Realize seu desejo
Já fazia um bom tempo que Lucinda estava tendo novamene aquele sonho que costumava ter quando era criança, no qual ela andava por um túnel escuro e uma voz lhe dizia:
-Venha para mim, Lucinda. Você pertence a mim.
Ela chegara a contar à mãe mas a mãe lhe dissera:
-Você devia simplesmente orar para não ter mais esses sonhos, Lucinda. Sabe que o Inimigo pode nos tentar através dos sonhos.
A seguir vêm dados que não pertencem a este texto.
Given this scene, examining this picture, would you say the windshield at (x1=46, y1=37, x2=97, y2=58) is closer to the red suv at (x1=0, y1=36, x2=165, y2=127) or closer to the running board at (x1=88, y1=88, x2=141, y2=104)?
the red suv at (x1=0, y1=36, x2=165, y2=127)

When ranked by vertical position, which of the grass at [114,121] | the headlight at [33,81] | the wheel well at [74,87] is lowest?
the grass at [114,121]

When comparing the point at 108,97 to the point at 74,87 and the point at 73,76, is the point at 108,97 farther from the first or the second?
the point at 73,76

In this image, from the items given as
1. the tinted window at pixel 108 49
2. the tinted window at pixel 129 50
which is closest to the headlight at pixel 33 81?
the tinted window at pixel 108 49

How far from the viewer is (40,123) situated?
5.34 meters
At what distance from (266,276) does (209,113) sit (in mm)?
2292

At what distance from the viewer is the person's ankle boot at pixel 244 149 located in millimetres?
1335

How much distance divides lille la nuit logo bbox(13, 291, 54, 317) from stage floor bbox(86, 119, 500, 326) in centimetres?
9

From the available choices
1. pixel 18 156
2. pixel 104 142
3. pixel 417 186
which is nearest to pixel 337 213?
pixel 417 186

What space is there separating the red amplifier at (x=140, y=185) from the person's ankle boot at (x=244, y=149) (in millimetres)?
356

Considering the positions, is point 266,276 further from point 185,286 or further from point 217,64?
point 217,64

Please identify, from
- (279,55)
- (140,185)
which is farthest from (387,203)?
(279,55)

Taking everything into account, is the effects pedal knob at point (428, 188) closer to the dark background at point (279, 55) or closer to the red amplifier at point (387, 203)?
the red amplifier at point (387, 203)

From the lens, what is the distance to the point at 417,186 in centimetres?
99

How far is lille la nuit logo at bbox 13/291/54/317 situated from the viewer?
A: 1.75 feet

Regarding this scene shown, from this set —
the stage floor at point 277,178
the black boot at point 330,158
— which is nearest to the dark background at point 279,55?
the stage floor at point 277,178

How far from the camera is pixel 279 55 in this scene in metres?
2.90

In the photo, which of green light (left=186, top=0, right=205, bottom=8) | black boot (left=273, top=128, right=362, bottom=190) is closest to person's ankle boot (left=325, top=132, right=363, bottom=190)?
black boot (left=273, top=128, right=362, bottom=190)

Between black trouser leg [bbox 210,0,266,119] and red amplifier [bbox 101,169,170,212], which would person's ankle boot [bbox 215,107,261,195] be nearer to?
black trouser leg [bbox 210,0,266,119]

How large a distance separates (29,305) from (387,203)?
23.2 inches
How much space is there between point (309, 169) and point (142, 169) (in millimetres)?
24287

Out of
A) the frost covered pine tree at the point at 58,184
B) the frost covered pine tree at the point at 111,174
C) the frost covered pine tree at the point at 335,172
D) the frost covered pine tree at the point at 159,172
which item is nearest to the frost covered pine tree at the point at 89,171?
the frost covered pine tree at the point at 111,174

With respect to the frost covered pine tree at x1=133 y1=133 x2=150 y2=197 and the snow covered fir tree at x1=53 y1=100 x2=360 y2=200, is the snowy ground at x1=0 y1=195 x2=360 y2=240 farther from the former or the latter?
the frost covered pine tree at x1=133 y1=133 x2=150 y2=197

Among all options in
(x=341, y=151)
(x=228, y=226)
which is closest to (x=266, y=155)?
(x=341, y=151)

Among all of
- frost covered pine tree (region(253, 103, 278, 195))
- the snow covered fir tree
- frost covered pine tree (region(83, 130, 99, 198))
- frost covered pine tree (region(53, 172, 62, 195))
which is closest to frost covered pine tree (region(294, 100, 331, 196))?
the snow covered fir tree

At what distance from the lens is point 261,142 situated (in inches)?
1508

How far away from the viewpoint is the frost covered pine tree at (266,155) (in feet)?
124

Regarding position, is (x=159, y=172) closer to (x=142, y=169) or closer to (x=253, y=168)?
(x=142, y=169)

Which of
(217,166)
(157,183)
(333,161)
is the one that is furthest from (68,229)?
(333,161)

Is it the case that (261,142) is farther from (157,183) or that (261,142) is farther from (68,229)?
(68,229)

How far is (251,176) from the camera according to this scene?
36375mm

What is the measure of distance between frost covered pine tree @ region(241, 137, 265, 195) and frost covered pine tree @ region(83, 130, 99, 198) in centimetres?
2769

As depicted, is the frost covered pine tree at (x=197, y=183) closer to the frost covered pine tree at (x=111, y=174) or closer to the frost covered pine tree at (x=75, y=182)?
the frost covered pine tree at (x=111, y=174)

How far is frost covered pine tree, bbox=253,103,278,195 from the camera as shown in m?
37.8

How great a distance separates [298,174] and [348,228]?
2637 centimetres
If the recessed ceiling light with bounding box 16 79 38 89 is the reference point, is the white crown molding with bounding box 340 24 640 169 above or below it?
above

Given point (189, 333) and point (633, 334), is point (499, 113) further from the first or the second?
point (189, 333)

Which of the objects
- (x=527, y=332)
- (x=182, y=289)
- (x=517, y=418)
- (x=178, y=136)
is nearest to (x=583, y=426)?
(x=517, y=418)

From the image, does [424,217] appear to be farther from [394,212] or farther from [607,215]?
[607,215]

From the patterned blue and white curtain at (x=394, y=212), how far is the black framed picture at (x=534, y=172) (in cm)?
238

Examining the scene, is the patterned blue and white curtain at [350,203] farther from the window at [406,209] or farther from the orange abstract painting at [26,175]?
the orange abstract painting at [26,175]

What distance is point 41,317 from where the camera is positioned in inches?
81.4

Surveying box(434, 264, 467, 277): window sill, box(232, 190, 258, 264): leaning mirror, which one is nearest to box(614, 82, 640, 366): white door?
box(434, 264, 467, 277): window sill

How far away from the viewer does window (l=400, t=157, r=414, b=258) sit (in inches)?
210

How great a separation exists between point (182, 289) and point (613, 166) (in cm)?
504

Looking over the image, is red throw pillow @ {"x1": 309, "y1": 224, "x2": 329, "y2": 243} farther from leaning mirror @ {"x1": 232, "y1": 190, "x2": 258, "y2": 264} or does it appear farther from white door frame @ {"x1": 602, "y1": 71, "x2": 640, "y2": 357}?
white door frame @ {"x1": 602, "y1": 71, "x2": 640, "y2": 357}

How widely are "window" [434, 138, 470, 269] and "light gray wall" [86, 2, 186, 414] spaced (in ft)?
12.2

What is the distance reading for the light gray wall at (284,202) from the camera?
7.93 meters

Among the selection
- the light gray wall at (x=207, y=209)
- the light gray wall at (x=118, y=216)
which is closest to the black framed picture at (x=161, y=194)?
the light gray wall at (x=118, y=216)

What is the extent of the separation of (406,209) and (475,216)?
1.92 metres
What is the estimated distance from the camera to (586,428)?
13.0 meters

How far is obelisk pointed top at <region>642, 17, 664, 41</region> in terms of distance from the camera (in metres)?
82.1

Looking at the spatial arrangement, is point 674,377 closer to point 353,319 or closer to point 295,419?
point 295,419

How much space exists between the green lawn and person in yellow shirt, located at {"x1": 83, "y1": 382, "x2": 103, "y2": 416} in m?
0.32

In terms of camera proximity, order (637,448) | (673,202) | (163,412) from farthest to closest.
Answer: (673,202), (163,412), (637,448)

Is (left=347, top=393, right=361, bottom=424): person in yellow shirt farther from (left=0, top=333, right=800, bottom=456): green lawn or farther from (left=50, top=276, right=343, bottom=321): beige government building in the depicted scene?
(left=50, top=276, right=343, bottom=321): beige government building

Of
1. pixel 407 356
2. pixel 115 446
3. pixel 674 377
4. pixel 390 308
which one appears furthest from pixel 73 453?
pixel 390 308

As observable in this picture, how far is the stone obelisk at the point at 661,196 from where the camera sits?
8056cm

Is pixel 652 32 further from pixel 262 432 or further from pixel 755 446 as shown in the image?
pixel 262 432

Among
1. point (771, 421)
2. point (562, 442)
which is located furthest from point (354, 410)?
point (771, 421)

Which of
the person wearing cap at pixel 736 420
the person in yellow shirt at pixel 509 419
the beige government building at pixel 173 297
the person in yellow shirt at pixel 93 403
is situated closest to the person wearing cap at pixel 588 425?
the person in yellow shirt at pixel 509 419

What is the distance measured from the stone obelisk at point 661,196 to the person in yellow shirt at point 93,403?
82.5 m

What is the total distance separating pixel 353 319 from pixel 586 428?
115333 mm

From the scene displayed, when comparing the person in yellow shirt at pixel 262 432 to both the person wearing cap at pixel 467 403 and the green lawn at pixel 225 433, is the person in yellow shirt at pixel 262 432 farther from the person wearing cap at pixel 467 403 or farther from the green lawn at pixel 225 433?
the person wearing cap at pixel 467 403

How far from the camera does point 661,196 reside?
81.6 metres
Lucinda dava de ombros. Quando criança, costumava se assombrar mas agora, que era uma estudante universistária, achava que não podia levar a sério as crenças da mãe, que era evangélica. Também não queria saber dos papos do pai, que havia sido ateu e recentemente estava voltando a se aproximar da crença católica de sua família. Ela tinha certeza de que religião não servia para nada.
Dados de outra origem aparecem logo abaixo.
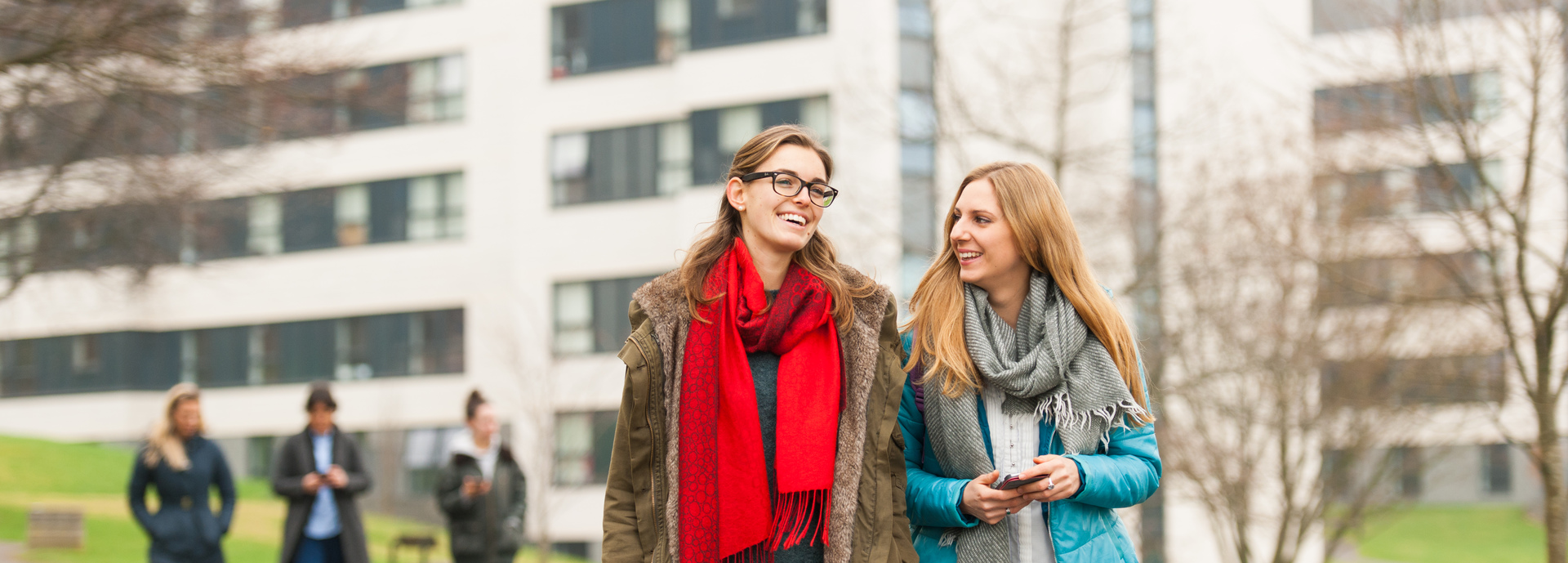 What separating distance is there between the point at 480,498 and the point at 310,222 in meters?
27.8

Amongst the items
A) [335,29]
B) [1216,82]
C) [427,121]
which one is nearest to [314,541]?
[335,29]

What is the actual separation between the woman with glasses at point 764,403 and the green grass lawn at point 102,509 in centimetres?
1614

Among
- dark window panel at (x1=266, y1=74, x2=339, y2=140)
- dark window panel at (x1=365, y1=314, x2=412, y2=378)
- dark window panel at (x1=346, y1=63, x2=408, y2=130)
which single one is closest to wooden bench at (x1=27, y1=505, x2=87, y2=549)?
dark window panel at (x1=266, y1=74, x2=339, y2=140)

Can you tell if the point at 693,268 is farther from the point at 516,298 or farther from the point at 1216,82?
the point at 516,298

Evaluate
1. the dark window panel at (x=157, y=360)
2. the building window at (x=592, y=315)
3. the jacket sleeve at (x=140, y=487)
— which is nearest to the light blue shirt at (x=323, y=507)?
the jacket sleeve at (x=140, y=487)

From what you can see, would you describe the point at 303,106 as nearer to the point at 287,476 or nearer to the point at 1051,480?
the point at 287,476

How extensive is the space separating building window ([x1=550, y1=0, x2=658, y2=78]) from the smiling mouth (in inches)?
1077

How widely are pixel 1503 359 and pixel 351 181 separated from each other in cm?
2893

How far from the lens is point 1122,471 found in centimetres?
372

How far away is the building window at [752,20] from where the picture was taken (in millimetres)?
27531

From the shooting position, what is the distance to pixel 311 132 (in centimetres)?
1792

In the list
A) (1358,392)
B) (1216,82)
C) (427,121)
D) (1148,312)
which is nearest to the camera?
(1358,392)

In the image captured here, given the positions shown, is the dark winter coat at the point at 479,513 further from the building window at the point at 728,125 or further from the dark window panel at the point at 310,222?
the dark window panel at the point at 310,222

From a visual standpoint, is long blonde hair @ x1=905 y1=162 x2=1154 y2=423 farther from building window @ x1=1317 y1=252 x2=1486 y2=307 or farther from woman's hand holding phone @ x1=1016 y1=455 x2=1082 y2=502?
building window @ x1=1317 y1=252 x2=1486 y2=307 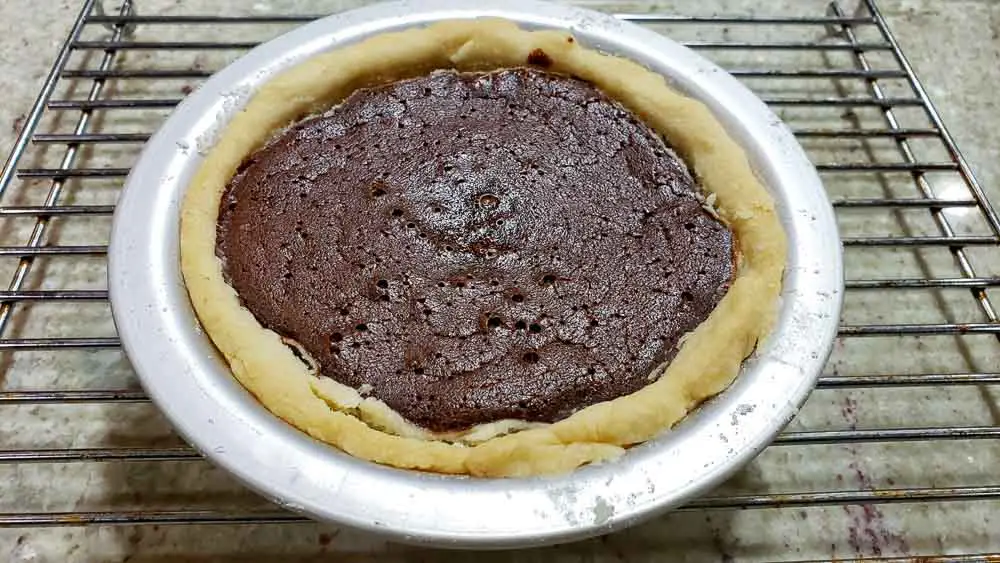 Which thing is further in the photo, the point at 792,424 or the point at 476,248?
the point at 792,424

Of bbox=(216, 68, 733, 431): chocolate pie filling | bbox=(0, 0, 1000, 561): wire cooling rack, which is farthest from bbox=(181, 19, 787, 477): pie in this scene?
bbox=(0, 0, 1000, 561): wire cooling rack

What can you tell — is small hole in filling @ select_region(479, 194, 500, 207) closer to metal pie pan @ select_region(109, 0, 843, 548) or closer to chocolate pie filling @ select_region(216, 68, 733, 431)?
chocolate pie filling @ select_region(216, 68, 733, 431)

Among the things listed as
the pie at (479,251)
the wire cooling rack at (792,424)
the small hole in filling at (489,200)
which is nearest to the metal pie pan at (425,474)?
the pie at (479,251)

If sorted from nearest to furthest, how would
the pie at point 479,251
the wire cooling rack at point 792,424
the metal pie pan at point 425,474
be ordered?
the metal pie pan at point 425,474
the pie at point 479,251
the wire cooling rack at point 792,424

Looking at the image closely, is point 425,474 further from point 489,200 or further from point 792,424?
point 792,424

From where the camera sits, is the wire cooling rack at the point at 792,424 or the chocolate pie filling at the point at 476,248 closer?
the chocolate pie filling at the point at 476,248

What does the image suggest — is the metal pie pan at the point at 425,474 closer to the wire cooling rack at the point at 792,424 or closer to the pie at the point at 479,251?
the pie at the point at 479,251

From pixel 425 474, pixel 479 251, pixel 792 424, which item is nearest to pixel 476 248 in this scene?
pixel 479 251

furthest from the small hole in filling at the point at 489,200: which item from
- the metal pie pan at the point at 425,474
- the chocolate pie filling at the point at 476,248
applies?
the metal pie pan at the point at 425,474

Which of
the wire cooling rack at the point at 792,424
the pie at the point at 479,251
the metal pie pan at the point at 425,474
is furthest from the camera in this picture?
the wire cooling rack at the point at 792,424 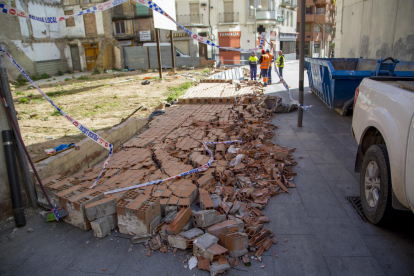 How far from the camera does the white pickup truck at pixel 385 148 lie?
2.79 m

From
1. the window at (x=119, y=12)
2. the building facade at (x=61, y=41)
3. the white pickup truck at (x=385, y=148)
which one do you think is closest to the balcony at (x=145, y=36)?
the window at (x=119, y=12)

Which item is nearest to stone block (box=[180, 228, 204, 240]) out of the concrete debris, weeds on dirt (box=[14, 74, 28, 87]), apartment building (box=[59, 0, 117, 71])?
the concrete debris

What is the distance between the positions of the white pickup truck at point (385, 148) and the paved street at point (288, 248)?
1.12ft

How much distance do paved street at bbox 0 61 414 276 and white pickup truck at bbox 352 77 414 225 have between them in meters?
0.34

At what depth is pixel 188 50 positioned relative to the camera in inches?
1597

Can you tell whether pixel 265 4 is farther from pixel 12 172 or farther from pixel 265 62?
pixel 12 172

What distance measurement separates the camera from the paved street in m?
3.00

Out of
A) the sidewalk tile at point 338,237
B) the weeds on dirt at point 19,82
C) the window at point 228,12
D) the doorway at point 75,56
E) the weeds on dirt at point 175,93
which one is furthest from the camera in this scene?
the window at point 228,12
-Deus nenhum me ajudou quando eu mais precisei, Léo. Dizia para seu gato amarelo.
Ela estava tendo uma vida muito ocupada como estudante de Comunicação Social, curso do qual seus pais não gostavam. O pai sempre quisera que ela fosse professora e a mãe, enfermeira. Porém, ela tinha horror a escolas e hospitais e queria atuar na área de Comunicação.
Naquele momento, em um dos corredores da faculdade, ela ouviu duas moças falando:
-Ouviu falar do jogo sinistro que dizem que a gente tem que acessar o site à meia-noite?
-Que jogo?
-Dizem que é o site realize seu desejo. Falam que a pessoa pode pedir qualquer coisa, só que não é de graça. Tem que dar algo em troca. Eu não acredito, claro, senão eu pediria para melhorar minhas notas.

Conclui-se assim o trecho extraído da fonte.